• TASK REQUIREMENTS
Every line of the material below should be output exactly as written, with the images skipped.

○ ○ ○ ○ ○

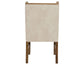 Silver - 39'' Upholstered Chair (Set of 2) - Ivory / Dark Brown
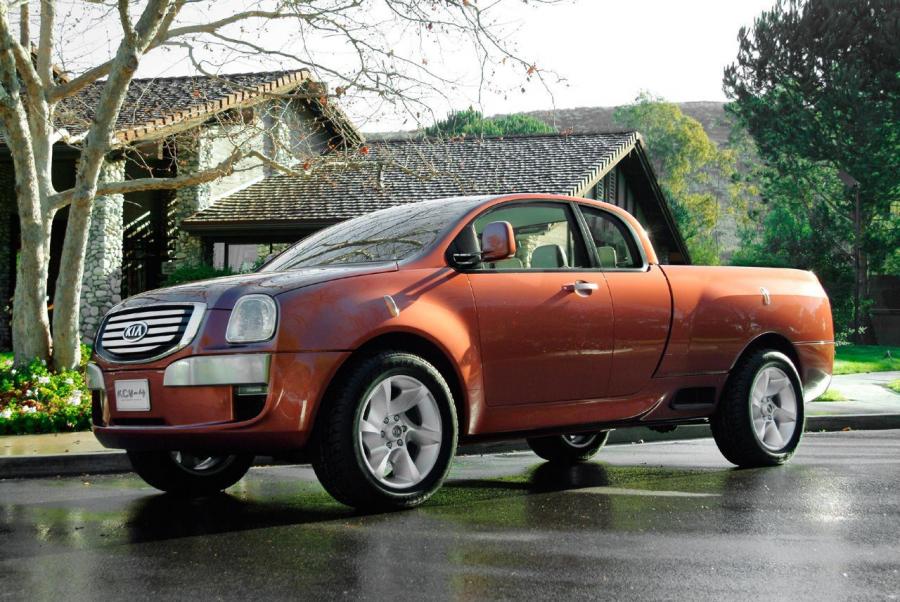  Kia KCV IV Mojave Concept 2004 года  (фото 7 из 29)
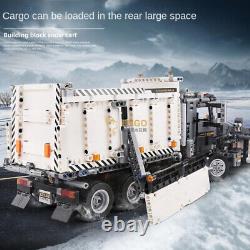 Mould King Snow Truck Building Blocks Set Kids Toys Car Model Gift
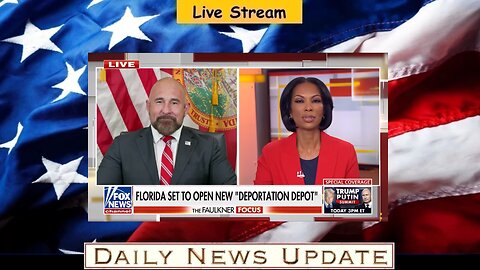 x441b: Fox News - 'Deportation Depot': Florida unveils plan for new ICE detention center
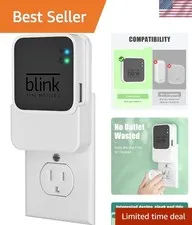 High-Quality Charging Station Wall Mount for Blink Sync Module 2 - Easy Install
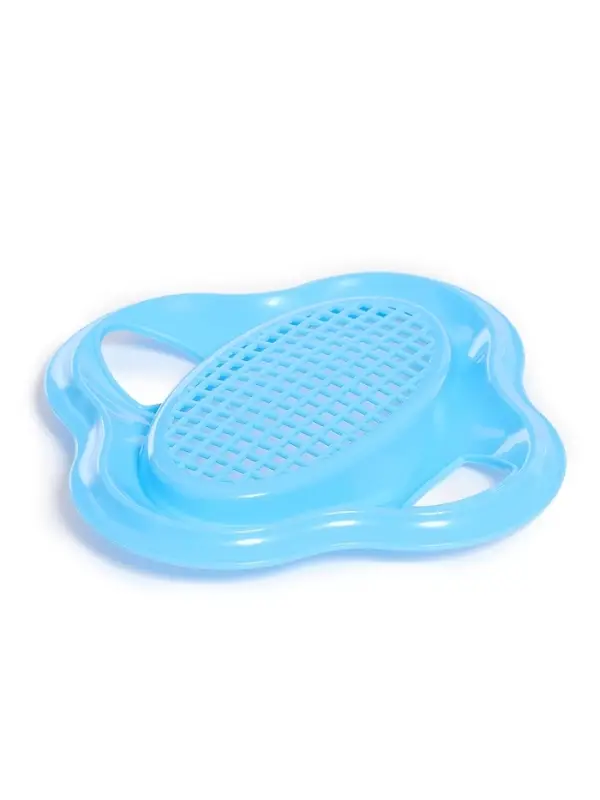 Набор игрушек для песочницы, 7 предметов: ведро, ситечко, совок, грабельки, формочки, лейка, МИКС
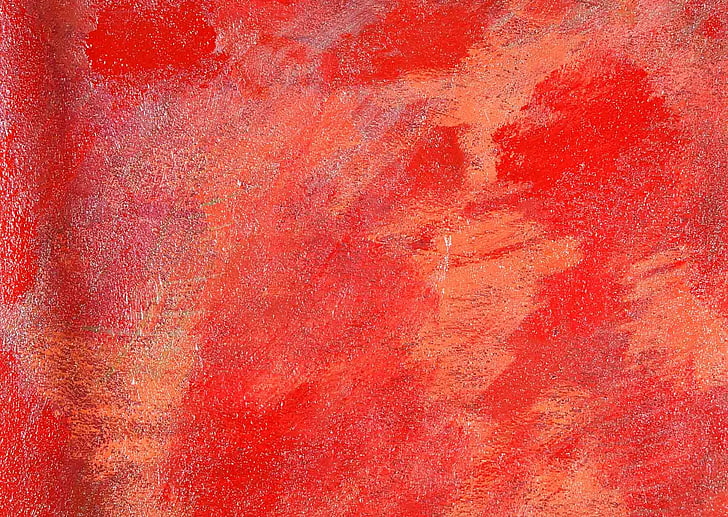 red wallpaper, red, surface, texture, spots, HD wallpaper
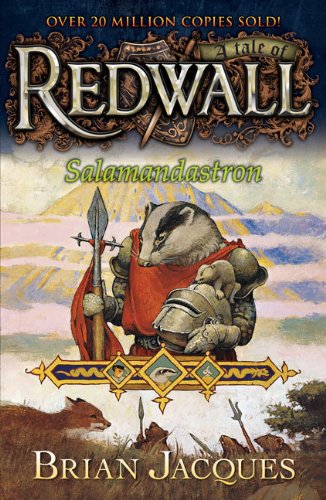 Cover of Salamandastron (Redwall, Book 5)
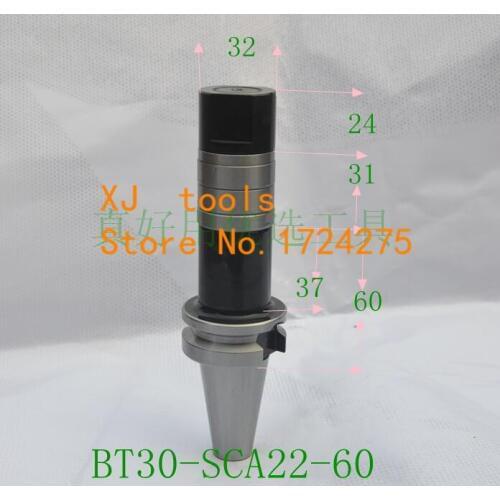 CNC machining center shank shank BT30-SCA22 Milling cutter arbors ,milling cutter tool rod installation saw blade milling cutter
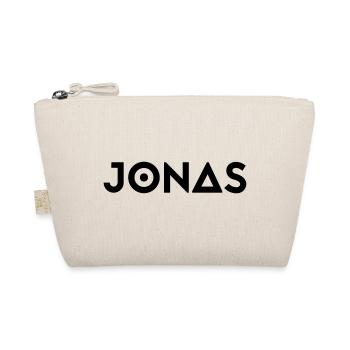 Prénom Jonas - Trousse biologique - nature - Devant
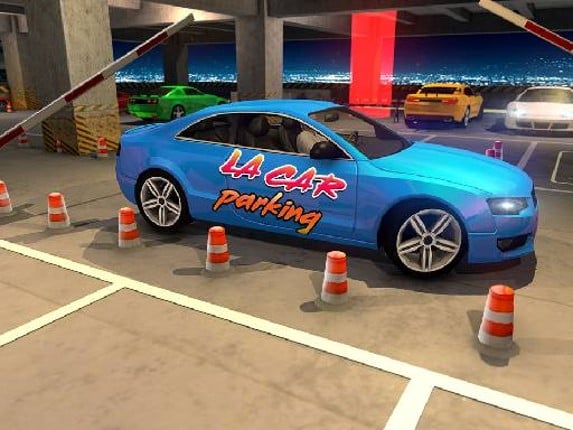 LA Car Parking Game Cover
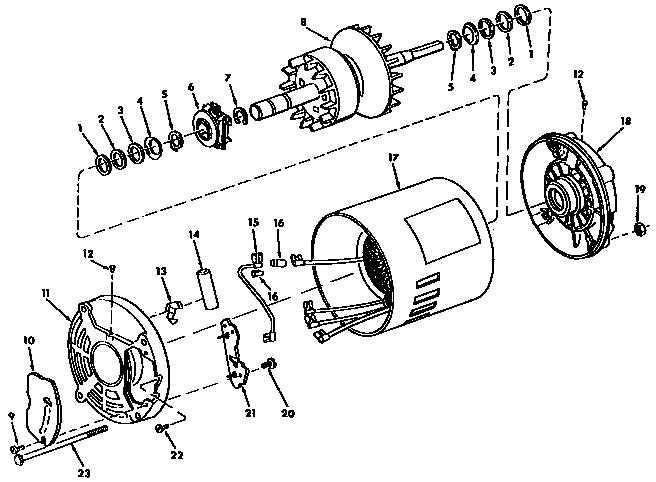 Motor parts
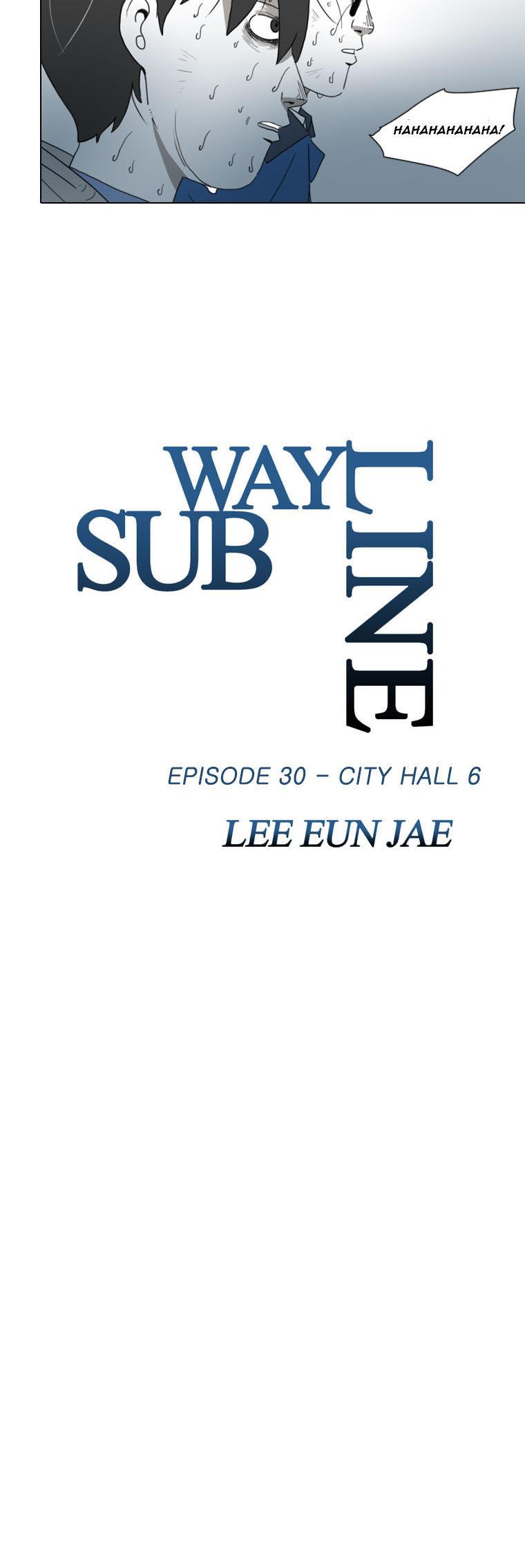Subway Line 1 Chapter 30 page 7 - Chapter 30 : We're already in hell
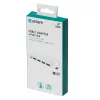 eSTUFF ES623007WH Schnittstellen-Hub USB 3.2 Gen 1 (3.1 Gen 1) Type-C 5000 Mbit/s Weiß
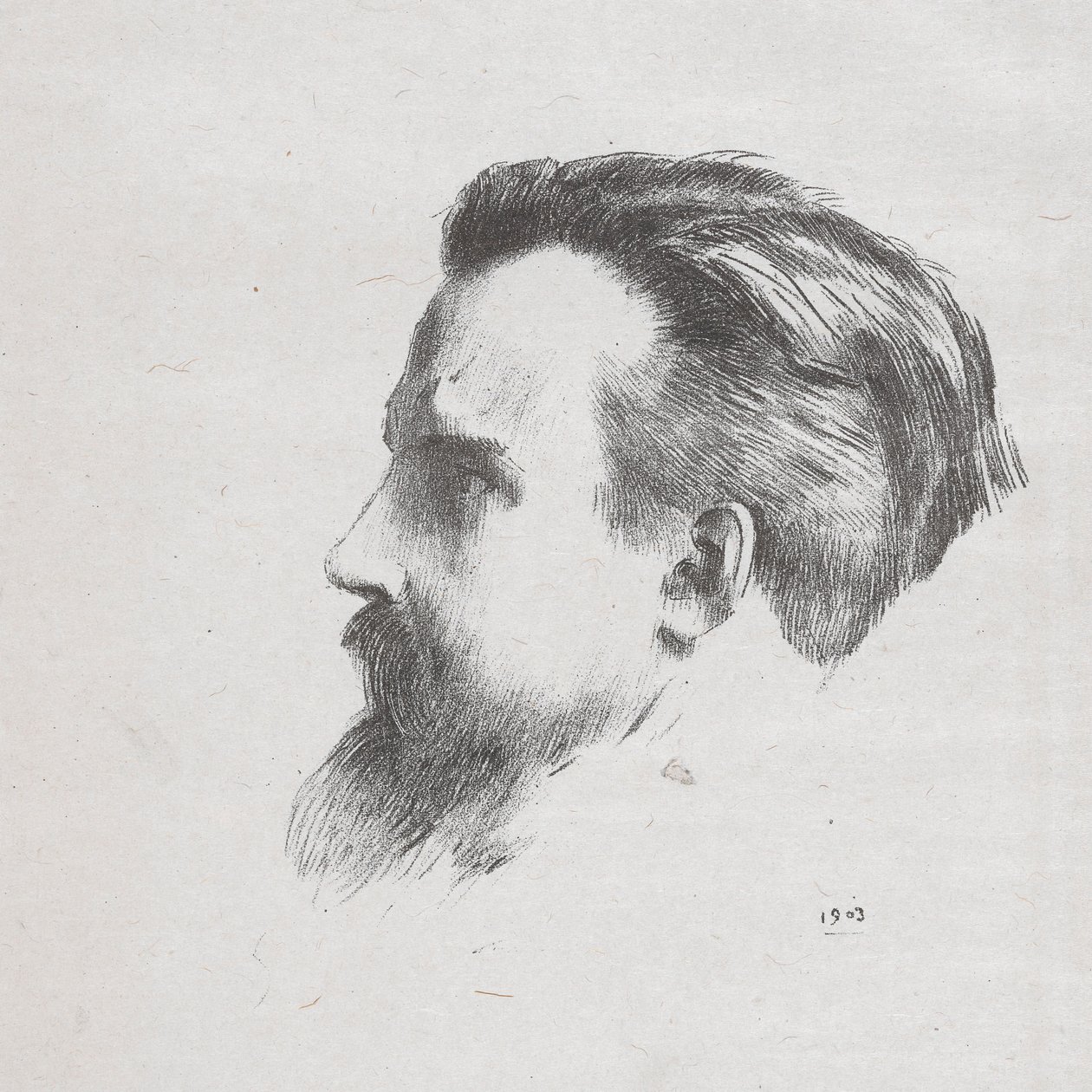 Maurice Denis door Odilon Redon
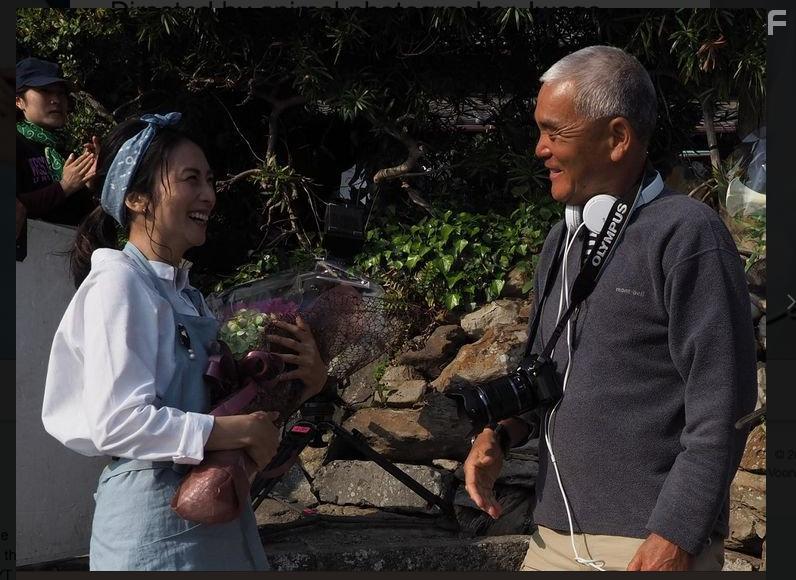 Ko Shibasaki and Mitsuaki Iwag in Neko to jiichan (2019)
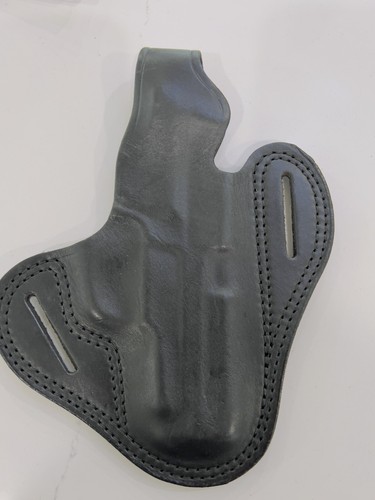 USGI Adirondack Lederholster für Sig Sauer P228 P229 Pistole RH OWB schwarz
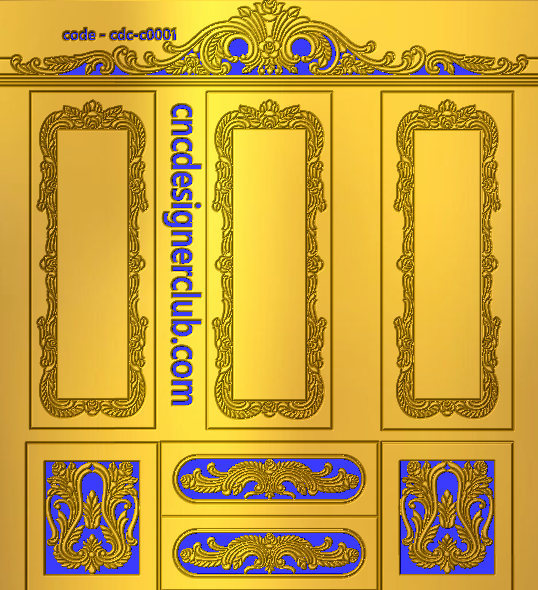 Cabinet-design-for-cnc-router-dx-free-download-code-cdc-c0001.PNG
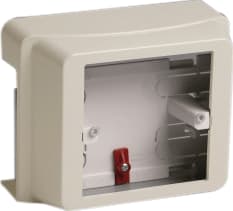 Attema - K40 EU40 Opbouwdoos plintgoot Universele Opbouwdoos Cr.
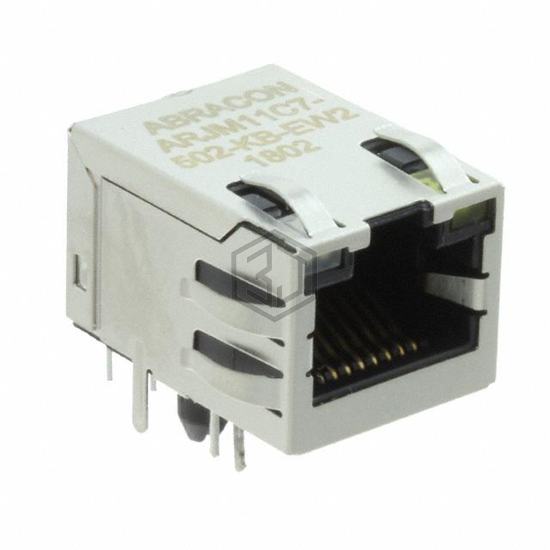 ARJM11C7-502-KB-EW2 - Abracon LLC - Modular Connectors - Jacks With Magnetics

○ ○ ○ ○ ○

• TASK OUTPUT
 Silver - 39'' Upholstered Chair (Set of 2) - Ivory / Dark Brown
  Kia KCV IV Mojave Concept 2004 года  (фото 7 из 29)
 Mould King Snow Truck Building Blocks Set Kids Toys Car Model Gift
 x441b: Fox News - 'Deportation Depot': Florida unveils plan for new ICE detention center
 High-Quality Charging Station Wall Mount for Blink Sync Module 2 - Easy Install
 Набор игрушек для песочницы, 7 предметов: ведро, ситечко, совок, грабельки, формочки, лейка, МИКС
 red wallpaper, red, surface, texture, spots, HD wallpaper
 Cover of Salamandastron (Redwall, Book 5)
 CNC machining center shank shank BT30-SCA22 Milling cutter arbors ,milling cutter tool rod installation saw blade milling cutter
 Prénom Jonas - Trousse biologique - nature - Devant
 LA Car Parking Game Cover
 Motor parts
Subway Line 1 Chapter 30 page 7 - Chapter 30 : We're already in hell
 eSTUFF ES623007WH Schnittstellen-Hub USB 3.2 Gen 1 (3.1 Gen 1) Type-C 5000 Mbit/s Weiß
 Maurice Denis door Odilon Redon
 Ko Shibasaki and Mitsuaki Iwag in Neko to jiichan (2019)
 USGI Adirondack Lederholster für Sig Sauer P228 P229 Pistole RH OWB schwarz
 Cabinet-design-for-cnc-router-dx-free-download-code-cdc-c0001.PNG
 Attema - K40 EU40 Opbouwdoos plintgoot Universele Opbouwdoos Cr.
 ARJM11C7-502-KB-EW2 - Abracon LLC - Modular Connectors - Jacks With Magnetics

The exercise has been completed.